Scientific classification
- Kingdom: Plantae
- Clade: Embryophytes
- Clade: Tracheophytes
- Clade: Angiosperms
- Clade: Eudicots
- Order: Caryophyllales
- Family: Polygonaceae
- Genus: Eriogonum
- Species: E. exilifolium
- Binomial name: Eriogonum exilifolium Reveal

= Eriogonum exilifolium =

- Genus: Eriogonum
- Species: exilifolium
- Authority: Reveal

Species of wild buckwheat

Eriogonum exilifolium is a species of flowering plant in the buckwheat family known by the common name dropleaf buckwheat. It is native to Wyoming and Colorado in the United States.

This species is a mat-forming herb growing up to about 10 centimeters tall. The leaves, located around the base of the plant, are linear or lance-shaped and measure up to 6 centimeters long. They are white and woolly on the undersides but green and mostly hairless on the upper surfaces. The inflorescence is a cluster of white flowers. This species was long confused with Eriogonum pauciflorum, a more common species, and it got its own name in 1967. It is closely related to Eriogonum coloradense.

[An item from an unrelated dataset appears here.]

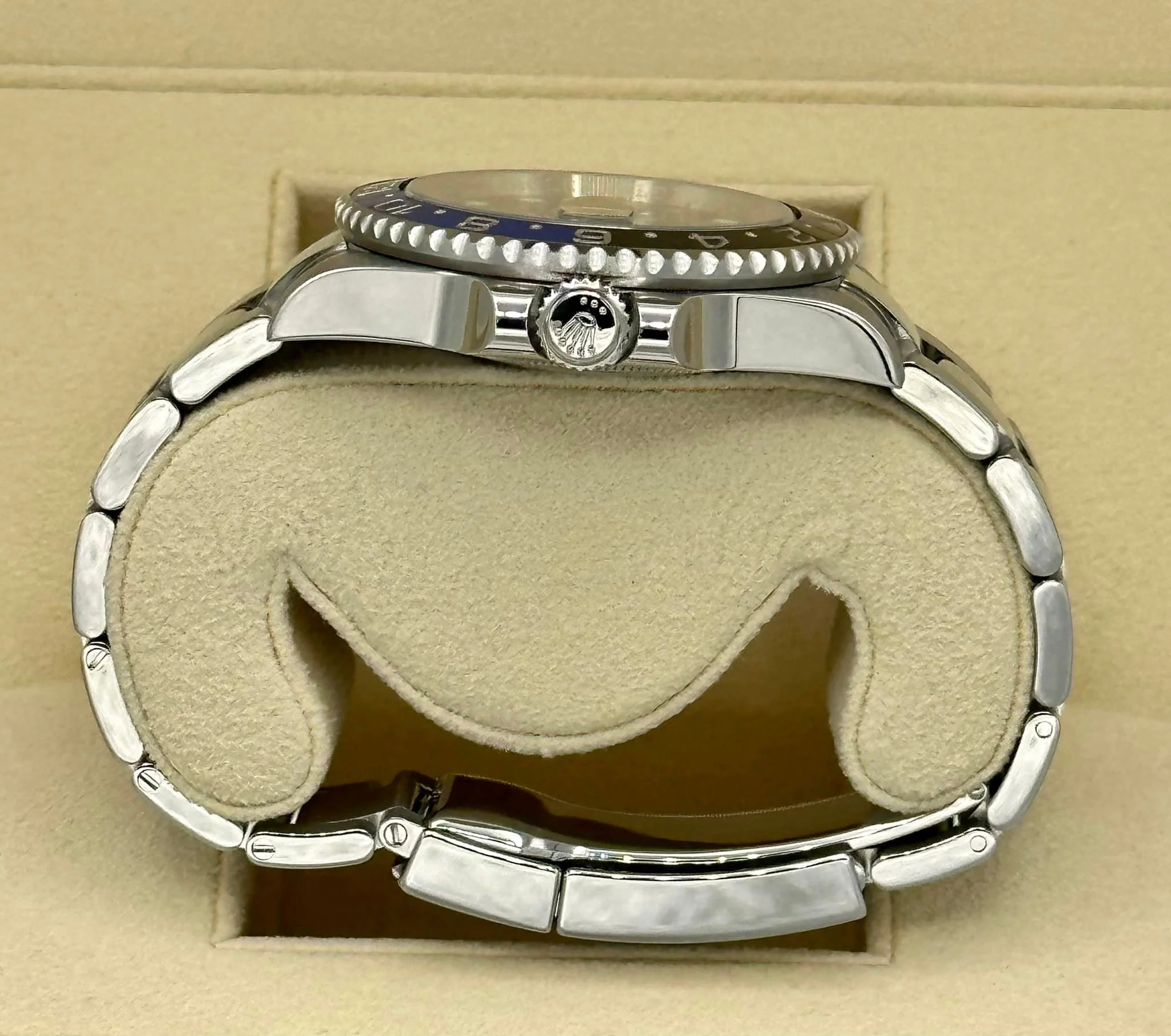 2018 Rolex GMT Master II "Batman" 40mm 116710BLNR Oyster - Image 9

This species grows in dry basins on hills and plains that are mostly free of other vegetation. Sometimes it grows in sagebrush. It grows on a number of soil types. It can be found growing alongside the endangered species Phacelia formosula.

==Taxonomy==
Eriogonum exilifolium was scientifically described by James L. Reveal in 1967 as a member of the Eriogonum genus. It is classified in the Polygonaceae and has no synonyms.